46. Ainsinc porroit des métaux faire qui bien en saurait à chief traire. Et tolir as ors lor ordure Et metre-les en forme pure (jehan de meung, Roman de la Rosé, vers 17049)
47. Etudiez ici les propriétés du mélange d’or et d’argent nommé électre. (Cf. Pausanias, Lib. Elida. Cap. XII).
48. Un vieil auteur anonyme décrit ainsi naïve­ment cette opération: « L’artiste met la matière dans un matras, et ayant bien bouché le vaisseau, il donne feu lent par trente jours et nuits, et deux fois la semaine il fait ténèbre en bas avec une patte de lièvre. » (Ms. Arsen. n. 18: bis. Tome I, p. 67).
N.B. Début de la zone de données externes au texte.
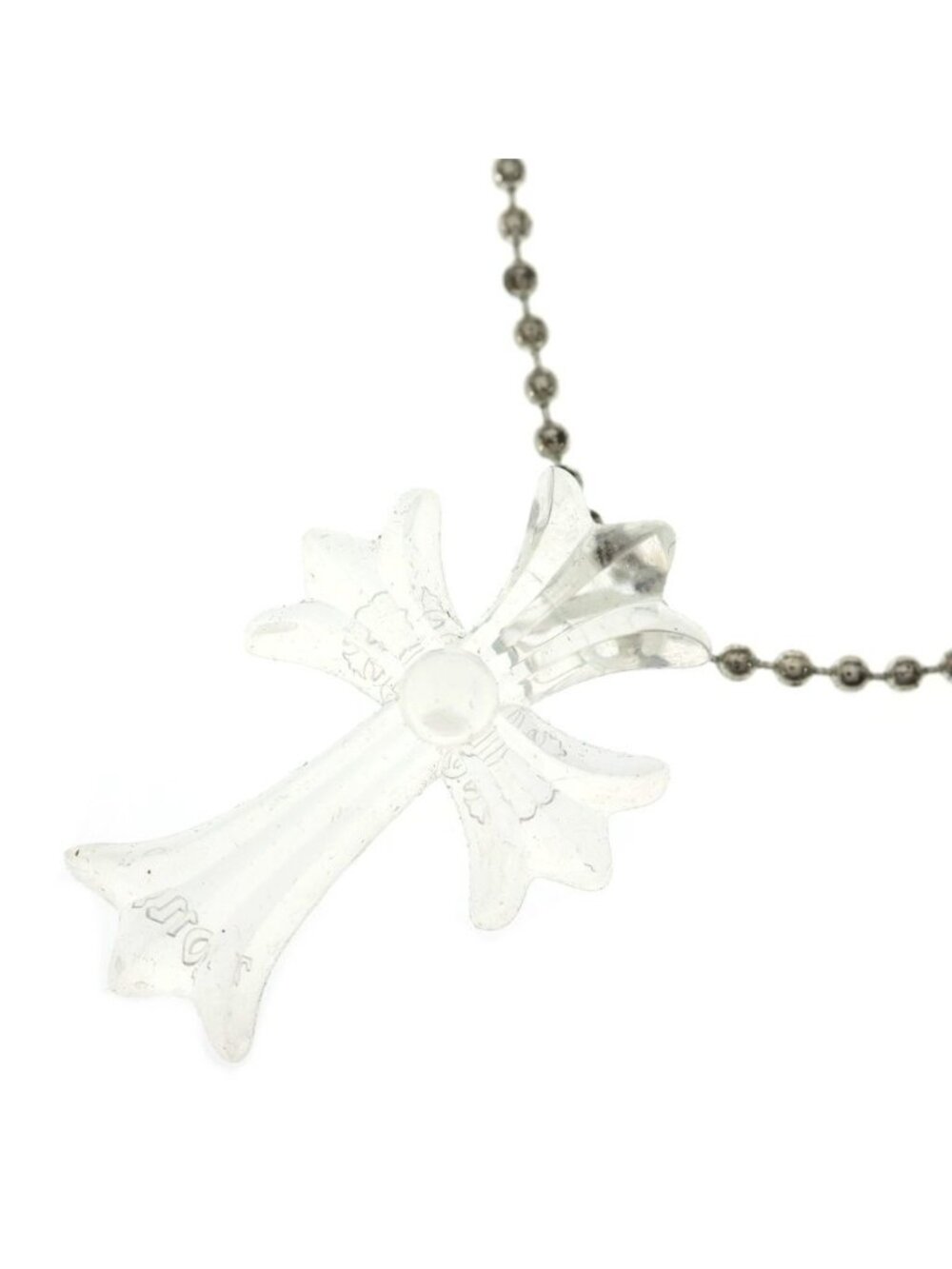 Chrome Hearts Rubber CH Small CH Cross Necklace Silicone Clear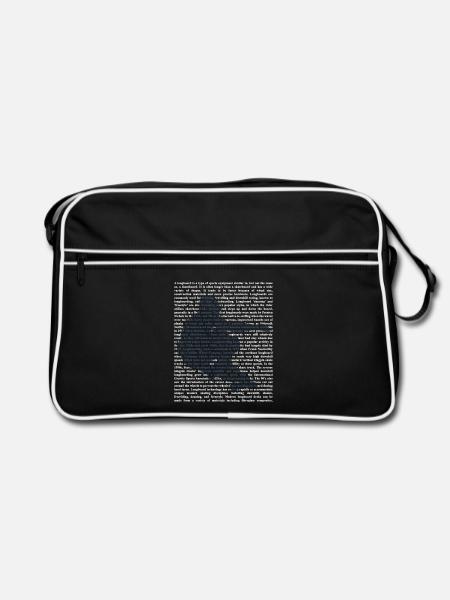 Waghalsiger Longboard Downhillprofi - Retro Tasche - Schwarz/Weiß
49. Voy. premier traité de Saint Thomas, chapi­tre V, note 29. Qu’on se souvienne que la pre­mière sorte de feu doit être administrée clibaniquement, la seconde géométriquement, suivant flamel et artéphius.
50. Suivant d’espagnet, (opus cit. can. 42), c’est un travail d’Hercule. Voir à ce sujet rupescissa, pic de la mirandole, isaac, guy de montanor et northon dans leurs oeuvres alchimiques, maier, (Arcana arcamssima). albert le grand (De Al-chymia) et raymond lulle (Theorica Testam).